Las guerras pasan y, al final, nos sobreponemos de ellas; viene la paz y perdonamos a los culpables, nos olvidamos de ellos. Transcurre el tiempo, retorna la vida, nos curamos del horror y hasta nos arrepentimos de nuestra estupidez y orgullo. El nazismo, el temblor de Auschwitz, el gulag estalinista, la pavura de Hiroshima, el terrorismo del fanático son, entre otras, nuevas formas del mal inventadas por el hombre contemporáneo.
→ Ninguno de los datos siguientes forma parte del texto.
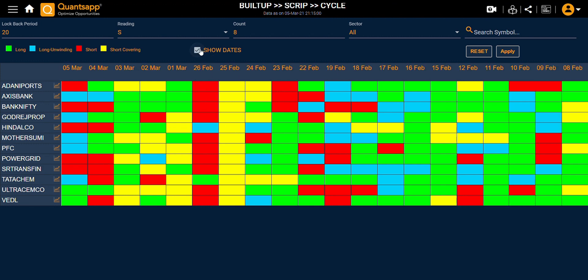If I click on 'Show Dates' automatically, the dates will appear. So that was it from the built-up cycle tool. Thank you for joining me up till here. We post similar learning content regularly on YouTube.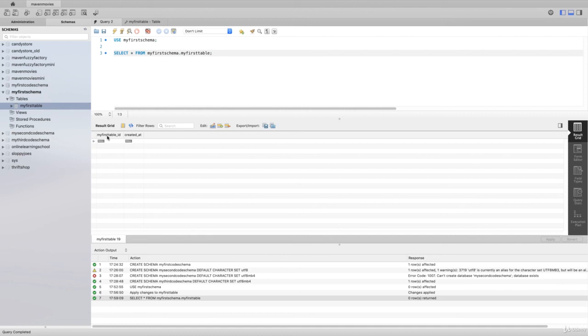Hopefully that all makes sense. You can go ahead and create some tables on your own, explore the different data types, explore the different options that are in there. We'll get into more of it in a little bit and definitely deep dive into the various data types. But next up, we're going to do this with SQL code in the next video.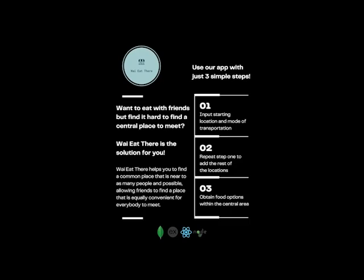Our app, Why Eat There, helps you to find a common place that is as near to as many people as possible, allowing friends to find a place that is equally convenient for everybody to meet.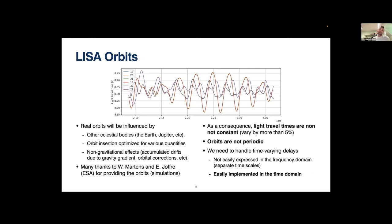Real orbits are influenced by many things: other bodies like Earth and Jupiter, fuel-optimized trajectories, and non-gravitational effects accumulated over the mission. The light travel times between the six pairs of spacecraft vary by more than five percent and are not periodic. This means computing the full response function requires handling time-varying delays, which is not easily expressed in the frequency domain — but is very easy to implement in the time domain.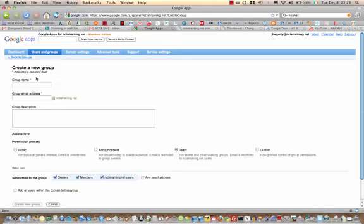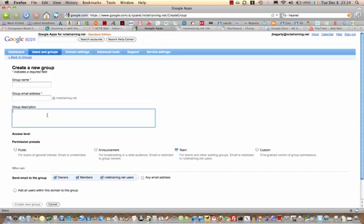Put in the group name and the address that you want to use for this group, which will be at your domain. Group description is for your own benefit, just to keep a note of what that group is about. Then there are a number of options with regard to who can send emails to the group — you can restrict it to just members, or leave it public so that other people who are not in the group can send messages to the group. Then click Create Group at the bottom.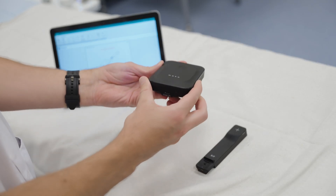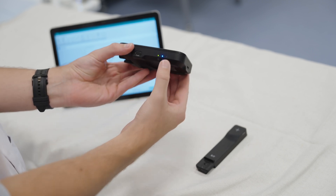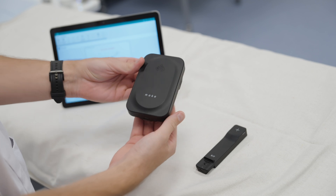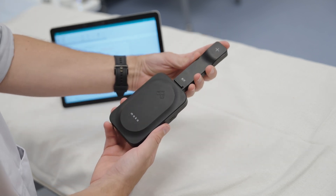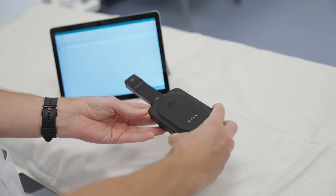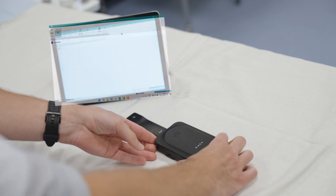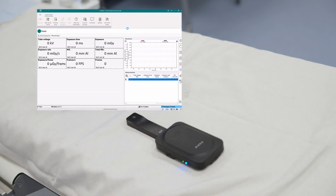To set up and measure KV, dose and pulses in fluoroscopy applications such as interventional, cardiovascular and surgical systems, first switch on the Mako base unit. The solid green light will display. Connect the Mako RF probe to the base unit. Mako auto-connects to the display device via Bluetooth, shown by the solid blue light, which unlike other sensors allows a fully wireless setup. The intuitive Ocean software displays measurement parameters from Mako. The system is now ready to measure.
Siempre la guerra. Pero Chernóbil no es la guerra, no es el Estado totalitario, es otra cosa. Es la acción humana que, a sabiendas, despierta el mal en los recónditos dominios del átomo, es el conocimiento que permite al hombre desatar los poderes destructivos que se ocultan en la materia. Luego de ello, nada: la tierra baldía sin el hombre. La radiación, esa muerte invisible, inaudible e intangible se ha apoderado de la tierra de Chernóbil. Y, a diferencia del ser humano, la tierra jamás perdona.